> Work item: Once you reach the line with "A modern bathroom", transcribe it and every line after it to the end of the records, exactly, but not the pictures.
◆ ◆ ◆
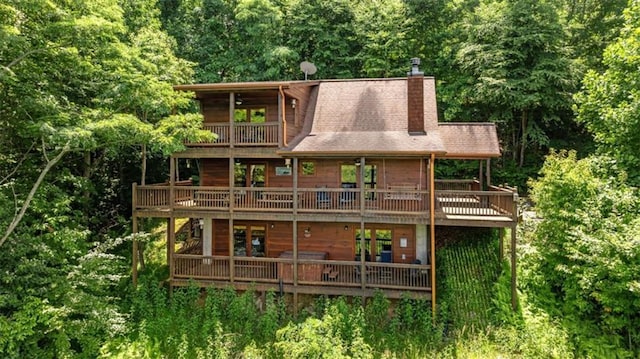 back of house featuring a wooded view, a chimney, a balcony, and a deck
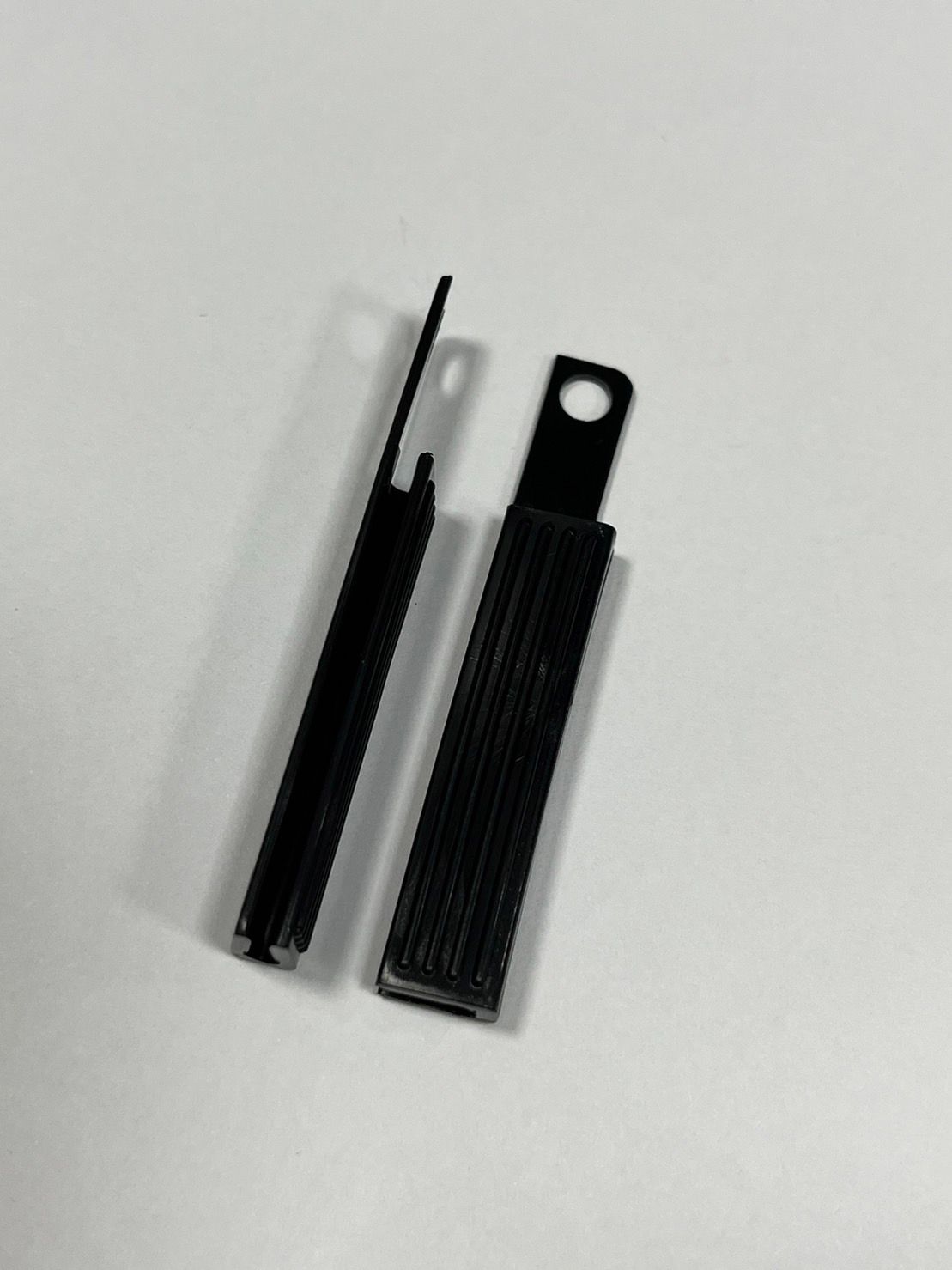 Two black objects are sitting on a white surface.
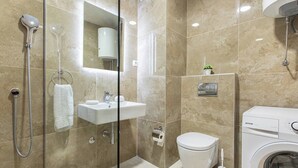 A modern bathroom with a glass-enclosed shower, a sink, a toilet, and a washing machine. - Princess Milena Apartments - Apartment Milena (Bečići)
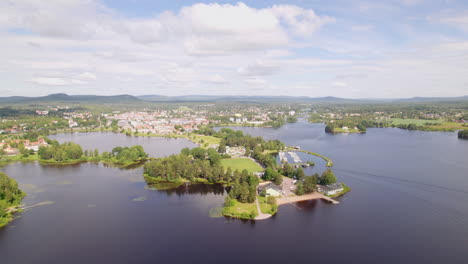 Aerial-view-over-Bollnäs,-Sweden-from-the-water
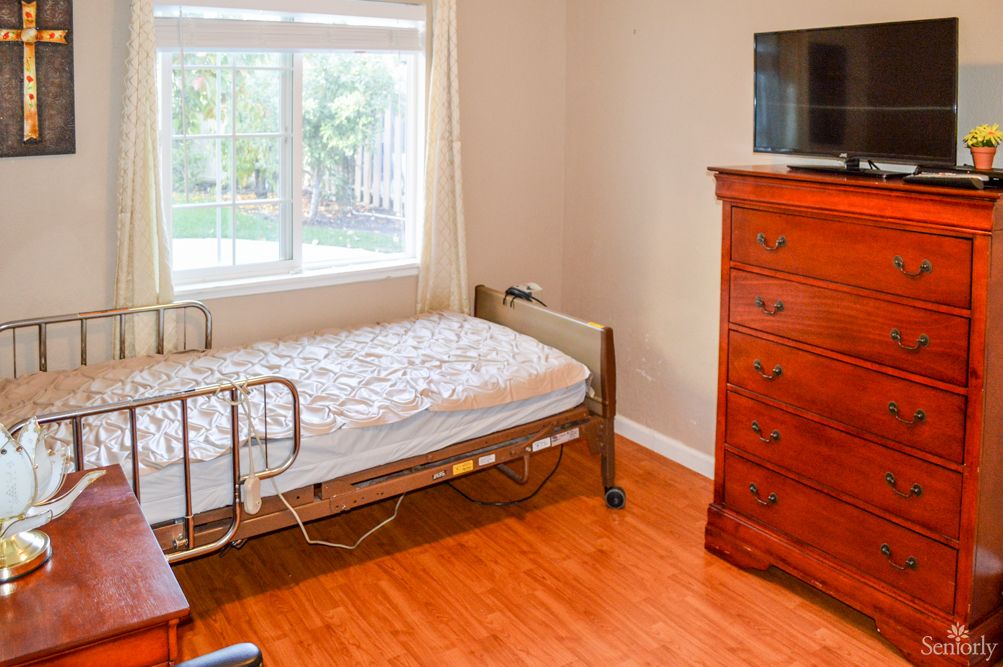 A bright bedroom with a single hospital bed next to a window, featuring a wooden dresser and a TV.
◆ ◆ ◆
> Solved exercise:
 A modern bathroom with a glass-enclosed shower, a sink, a toilet, and a washing machine. - Princess Milena Apartments - Apartment Milena (Bečići)
 Aerial-view-over-Bollnäs,-Sweden-from-the-water
 A bright bedroom with a single hospital bed next to a window, featuring a wooden dresser and a TV.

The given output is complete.